Exercise objective: Nothing but the pictures may be left out. Restate the rest of the entries word for word.

----

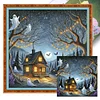Halloween Haunted House-11CT Stamped Cross Stitch 50*50cm/19.69*19.69in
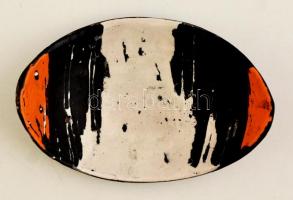 Iparművészeti Vállalatos Gorka Lívia fekete-fehér-narancssárga tálka, mázas kerámia, jelzett, apró k...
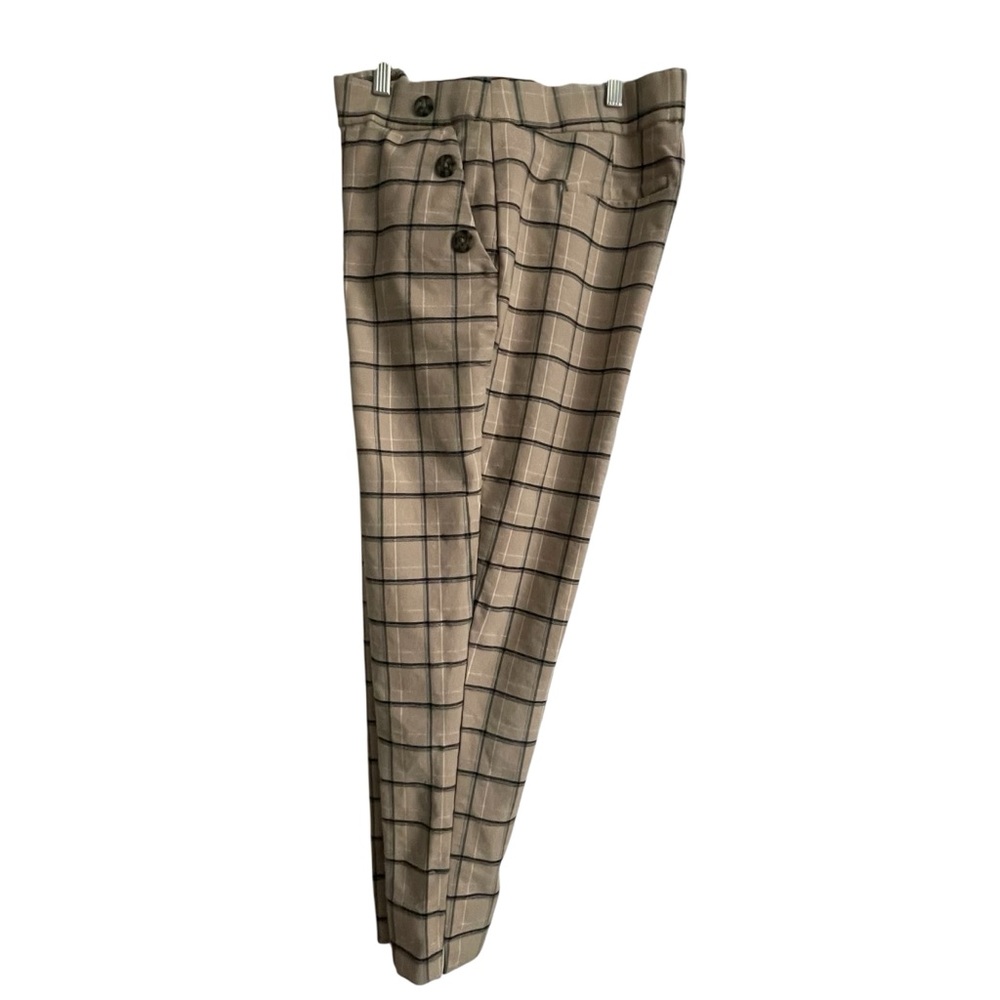 Jules & Leopold Women’s Plaid Brown Pants - XL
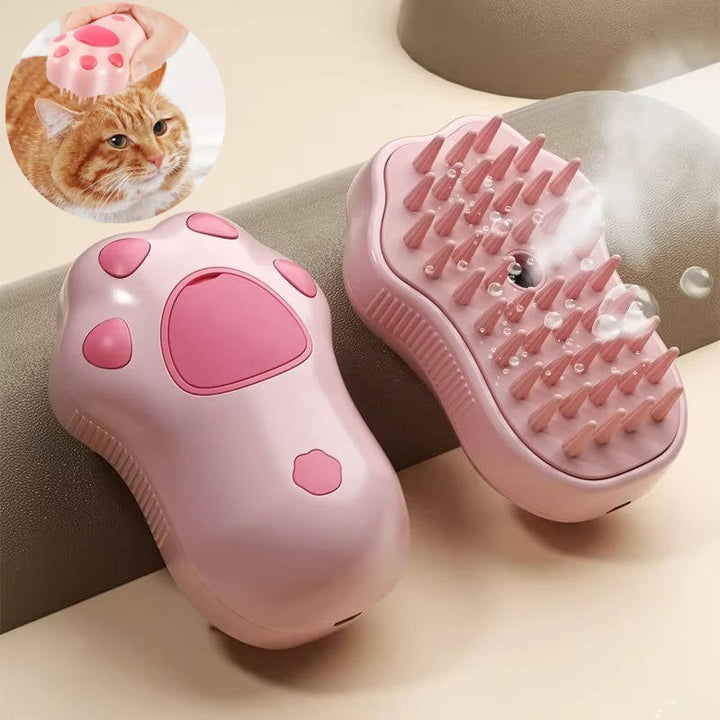 Pet Grooming Tool | Steam-Infused Silicone Brush | Gentle Deshedding Massager 0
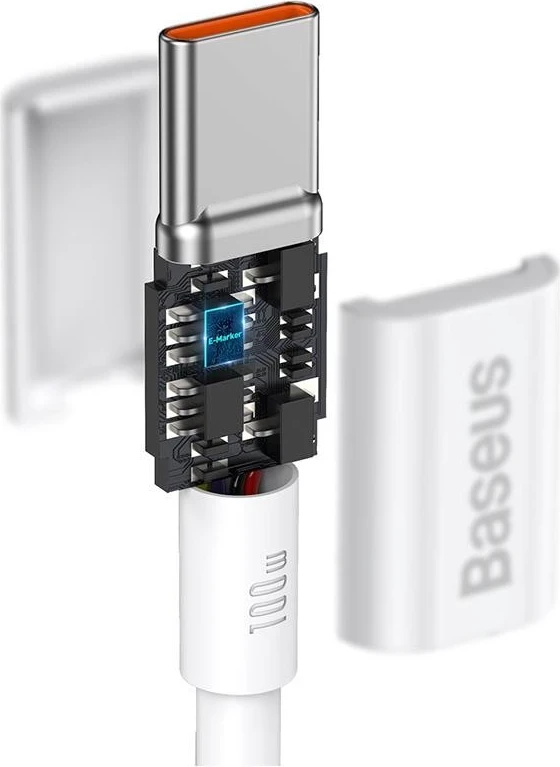 USB-C na USB-C kabel Superior, Baseus, 1 m, 100 W, bel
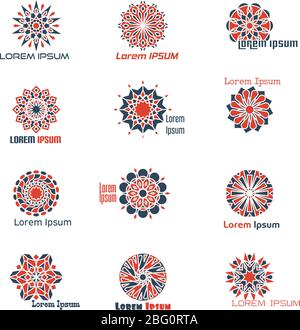 Geometrisches Logo Vektor-Set mit kreisförmigen Mosaik Mandala islamischen Mustern. Blume arabisch kreisförmige Dekoration für Logo Firma Illustration Stock Vektor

----

Exercise answer:
Halloween Haunted House-11CT Stamped Cross Stitch 50*50cm/19.69*19.69in
 Iparművészeti Vállalatos Gorka Lívia fekete-fehér-narancssárga tálka, mázas kerámia, jelzett, apró k...
 Jules & Leopold Women’s Plaid Brown Pants - XL
 Pet Grooming Tool | Steam-Infused Silicone Brush | Gentle Deshedding Massager 0
 USB-C na USB-C kabel Superior, Baseus, 1 m, 100 W, bel
 Geometrisches Logo Vektor-Set mit kreisförmigen Mosaik Mandala islamischen Mustern. Blume arabisch kreisförmige Dekoration für Logo Firma Illustration Stock Vektor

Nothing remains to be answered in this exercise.